In an ideal world, we’d all have perfect resumes filled with relevant experience and many years of continuous (and impressive) experience. As it happens, many of us do have gaps in our resumes; perhaps we took time off work to go back to school, raise a family or care for a sick relative, or maybe we were laid off due to circumstances beyond our control.
However, resume gaps aren’t the end of the world. With a little ingenuity and the ability to reframe your professional experience, you too can communicate to potential employers your value as an employee. Here’s how:
Don’t Freak Out
In the aftermath of the recession, many of us are worried--perhaps excessively so--about how our resumes appear to prospective employers. Rather than spending time and energy thinking about what’s wrong with your resume, bolster your confidence by focusing on your applicable experience and what you can offer employers. Approaching your job hunt with a positive mindset will come through in your business-related communications.
Highlight Volunteer Experience
True, you may not have spent the last year (or two) in a formal project-management role, but maybe you’ve completed related duties in a volunteer setting. Have you led a committee for a club or organization you belong to? Have you donated your time and services to your child’s school? Volunteer experience is valuable not only in that it allows you to contribute to your community, but in that it shows your ongoing dedication to your vocation. In his piece for The Ladders, Marc Cenedella writes that job seekers should include volunteer experience on their resumes because this experience “entail[s] the same skill sets you used in business.”
Focus on Your Skills, Not Your Time Away
Employment gaps are less apparent if you put more emphasis on other parts of your resume, including your knowledge, skills and qualifications. Kim Isaacs, a Monster.com resume expert, suggests starting with an Objective Statement to “summarize your goal as well as your top qualifications. This will draw attention to your selling points and downplay your work chronology.”

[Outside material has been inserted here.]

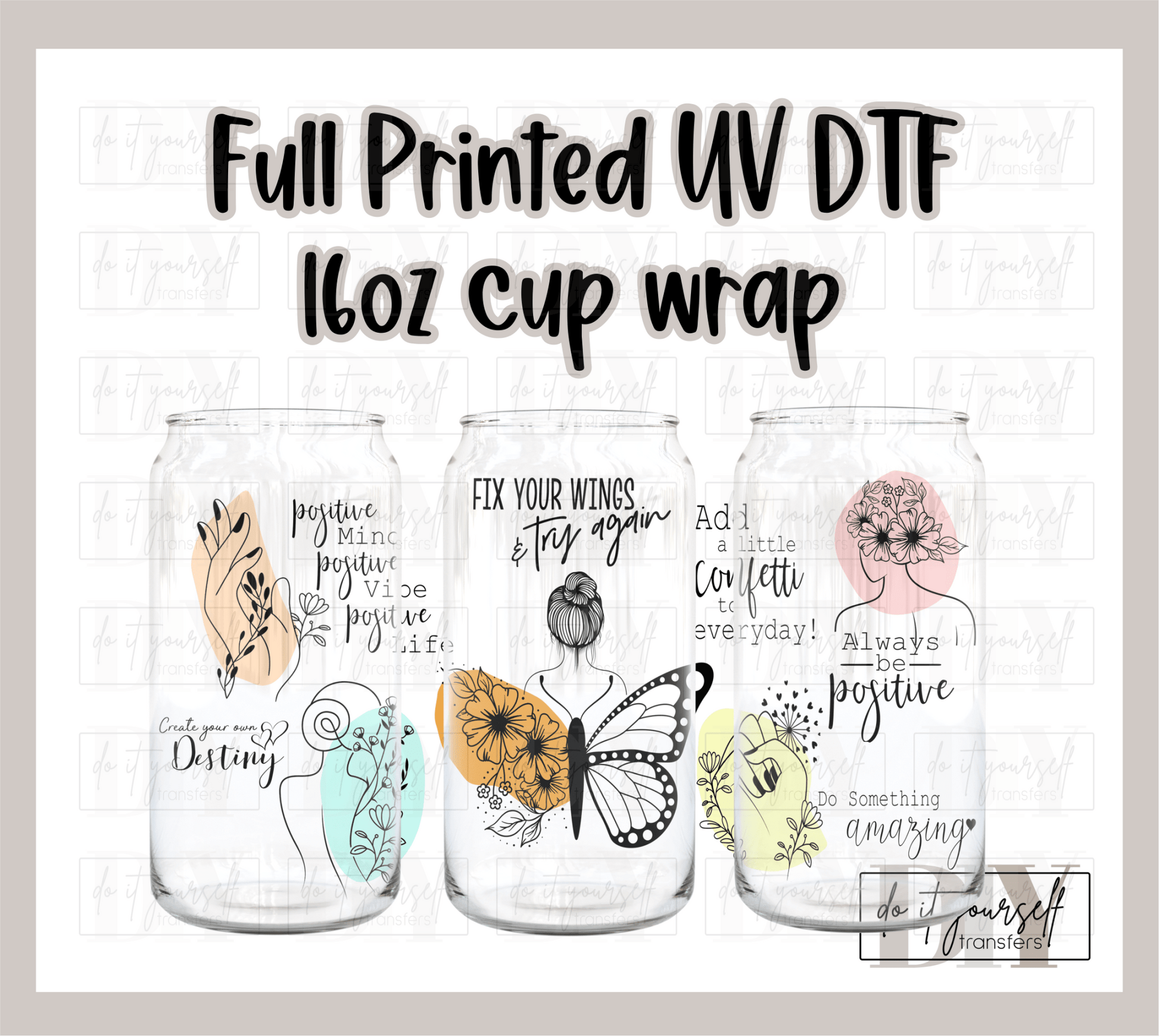 RTS Positive Mot UV DTF 16 oz Libbey cup wrap - Do it yourself Transfers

Your resume isn’t all potential employers consider when assessing your employability. The cover letter is a powerful tool for communicating your skills, career goals and attitude. According to write.com, crafting a positive cover letter can work to your advantage. Instead of focusing on what you haven’t done, write.com advises that you “talk about what you have done in your life to stay ready to work, and how your experiences have prepared you for the position to which you are applying.”
By following these tips, you’ll not only gain a new perspective on your job hunt: you’ll increase your marketability as well!